A sede tem cor, tem gênero, tem endereço
A crise no acesso à água também carrega um peso desproporcional sobre as costas das mulheres e da população negra da região — justamente os grupos historicamente mais negligenciados pelo Estado.
Falta de água reforça o ciclo de pobreza e exclusão que atinge as mulheres negras
São, em sua maioria, as mulheres — mães, avós, filhas — que assumem a responsabilidade de garantir a água dentro de casa: para cozinhar, para dar banho nas crianças, para manter a higiene, para cuidar dos doentes. Quando a água falta, o tempo e a energia dessas mulheres são consumidos em longas caminhadas até uma nascente, um poço, uma cisterna ou o ponto mais próximo onde ainda escorre alguma gota.
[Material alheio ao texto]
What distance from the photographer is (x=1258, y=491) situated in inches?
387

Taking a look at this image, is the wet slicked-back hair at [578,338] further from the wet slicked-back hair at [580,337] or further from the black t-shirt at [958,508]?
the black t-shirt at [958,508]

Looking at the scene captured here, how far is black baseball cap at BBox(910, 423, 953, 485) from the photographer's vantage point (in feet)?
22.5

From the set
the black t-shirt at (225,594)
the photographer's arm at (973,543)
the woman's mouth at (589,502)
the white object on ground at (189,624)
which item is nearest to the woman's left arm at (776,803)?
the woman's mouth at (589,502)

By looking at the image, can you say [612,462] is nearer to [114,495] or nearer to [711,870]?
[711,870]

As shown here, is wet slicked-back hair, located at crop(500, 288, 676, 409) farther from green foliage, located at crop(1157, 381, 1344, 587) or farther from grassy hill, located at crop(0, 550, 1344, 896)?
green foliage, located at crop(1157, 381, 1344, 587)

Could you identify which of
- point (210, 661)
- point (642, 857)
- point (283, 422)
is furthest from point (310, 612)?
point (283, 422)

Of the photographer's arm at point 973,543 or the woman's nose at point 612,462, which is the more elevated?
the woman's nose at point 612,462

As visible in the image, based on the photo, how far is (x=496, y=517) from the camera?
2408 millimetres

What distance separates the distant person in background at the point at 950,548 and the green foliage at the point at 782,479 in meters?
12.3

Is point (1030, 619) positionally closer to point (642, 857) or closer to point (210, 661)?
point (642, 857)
Esse esforço diário e invisível tem consequências profundas: compromete a saúde, o trabalho, o cuidado com a família e até a permanência das meninas na escola. Assim, a falta de água se soma à desigualdade de gênero e de raça, reforçando o ciclo de pobreza e exclusão que atinge as mulheres negras de forma mais brutal. No Vale do Jequitinhonha, onde boa parte da população é negra e vive em territórios rurais ou quilombolas, isso significa negar a essas mulheres o direito a uma vida digna.
Mais do que uma crise ambiental, estamos diante de uma crise de direitos humanos. E ela tem cor, tem gênero, tem endereço certo. Negar o acesso à água é também perpetuar as desigualdades estruturais que marcam a história do nosso país — especialmente em territórios como o nosso, onde o racismo ambiental é uma realidade concreta, e não um conceito acadêmico distante.
A lógica perversa do sucateamento
Entretanto, a dificuldade enfrentada pelas famílias do Vale do Jequitinhonha no acesso à água não é apenas fruto da seca ou do acaso. É consequência direta da omissão e do desmonte promovido pelo Governo de Minas, que tem sistematicamente sucateado a Companhia de Saneamento de Minas Gerais (Copasa), mesmo com a empresa apresentando um lucro de R$ 1,32 bilhão em 2024.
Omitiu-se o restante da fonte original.